Заметьте, пишет это поэт-юноша, только что вступающий в жизнь. К теме о невозвратном прошлом поэт возвращается постоянно и позднее. Здесь он наиболее искренен, лиричен и часто поднимается до замечательного мастерства. Стихотворения «Не жалею, не зову, не плачу», «Не бродить, не мять в кустах багряных» несомненно останутся. Однако томление и грусть о прошлом, достигая большой силы и напряжения, при пассивном и созерцательном отношении к жизни, легко могут питать «дедовскую» религиозность; они ведут к настроениям и мыслям «о бренности и тленности земного» и дальше к молитве, жажде загробной жизни; с другой стороны, дедовская прививка сама усугубляет грусть о том, что «отоснилось навсегда».
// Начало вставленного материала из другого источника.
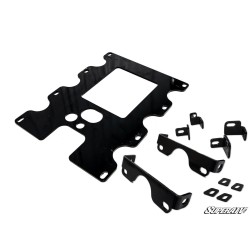 Bobcat UV34 Frame Stiffener Bobcat UV34 Frame Stiffener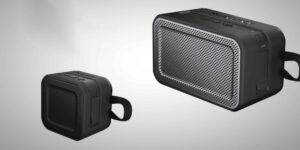 Which Skullcandy Barricade Bluetooth speaker to choose?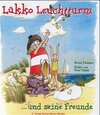 Buchcover Lükko Leuchtturm und seine Freunde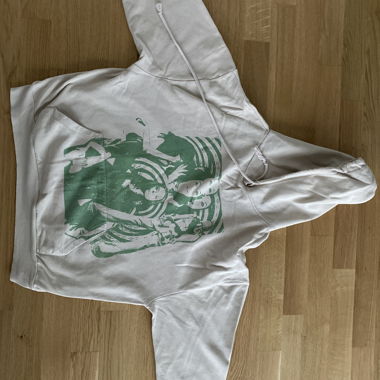 Maglione oversize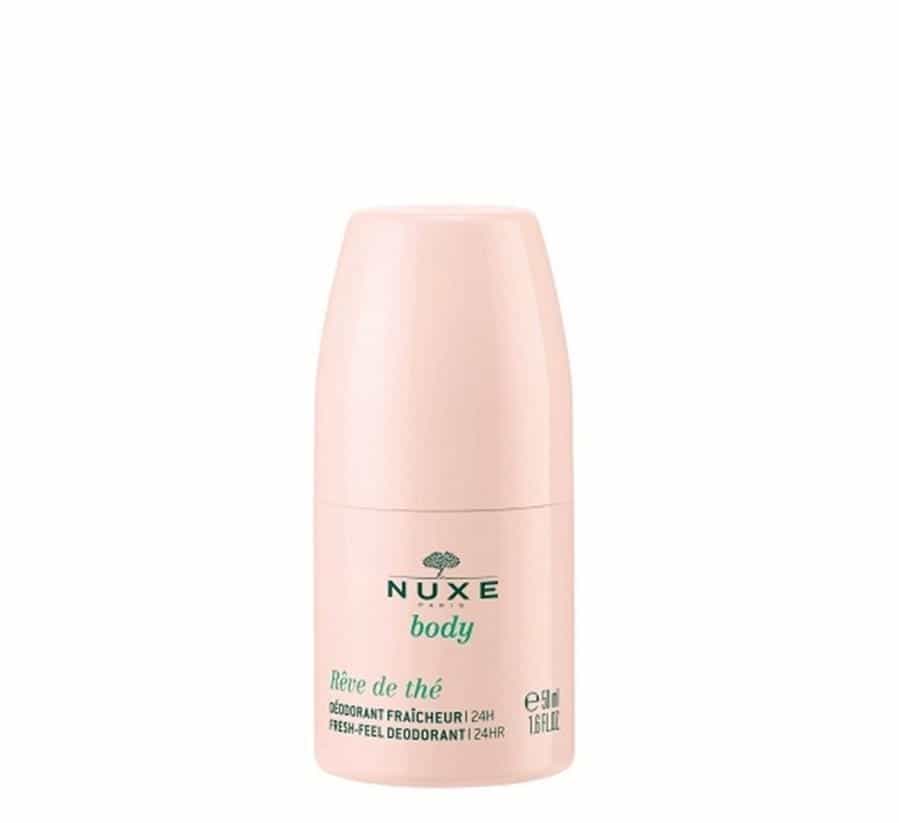 Nuxe Reve The Duo Deo. Fraicheur 24h 2x50ml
Анализ первоначальных психологических моментов, из которых складывалась поэтика Есенина до революции, был бы не полным и односторонним, если не упомянуть и не учесть поэтических чувств его совсем другого характера. Кротость, смирение, примиренность с жизнью, непротивленство, славословия тихому Спасу, немудрому Миколе уживаются одновременно с бунтарством, с кандальничеством и прямой поножевщиной:

Я одну мечту, скрывая, нежу,

Что я сердцем чист.

Но и я кого-нибудь зарежу

Под осенний свист.

Поэт говорит о том, что он полюбил людей в кандалах, не ведающих страха, их грустные взоры со впадинами щек. Позднее эти настроения усилились, окрепли и вдохновили его на «Песни забулдыги», «Исповедь хулигана», «Москва кабацкая». Есенин вспоминает себя забиякой и сорванцом и утверждает: «если не был бы я поэтом, то, наверно, был мошенник и вор». Есть в этом опоэтизировании забулдыжничества нечто от деревенского дебоша парней, от хулиганства, удали, отчаянности, от неосмысленной и часто жестокой траты сил, а это, в свою очередь, связано с нашей исторической пугачевщиной и буслаевщиной. При этом забулдыжничество юродиво сочетается со смиренностью, молитвой и елеем: нигде нет столько разбойных и духовных песен, как в нашем темном прошлом. Об этом ниже; пока же довольно будет сказать, что в отличие от дедовской прививки хулиганство, хотя и очень кривое, но все же активное чувство, особенно, если оно окрашено некоей социальностью. Все, что шло у Есенина отсюда, — побуждало его писать в противовес елейным акафистам. В юношеской поэме «Марфа Посадница» Есенин призывает вспомнить завет Марфы: «заглушить удалью московский шум», заставить царя дать ответ, разбудить Садко с Буслаем, чтобы с веча вновь загудел колокол. Все это звучит совсем не по-дедовски. Тем не менее, дедовская прививка пока очень сильна и явно перетягивает поэта к песням с церковной настроенностью. Сейчас это производит дикое впечатление, но, как говорится, из песни слова не выкинешь.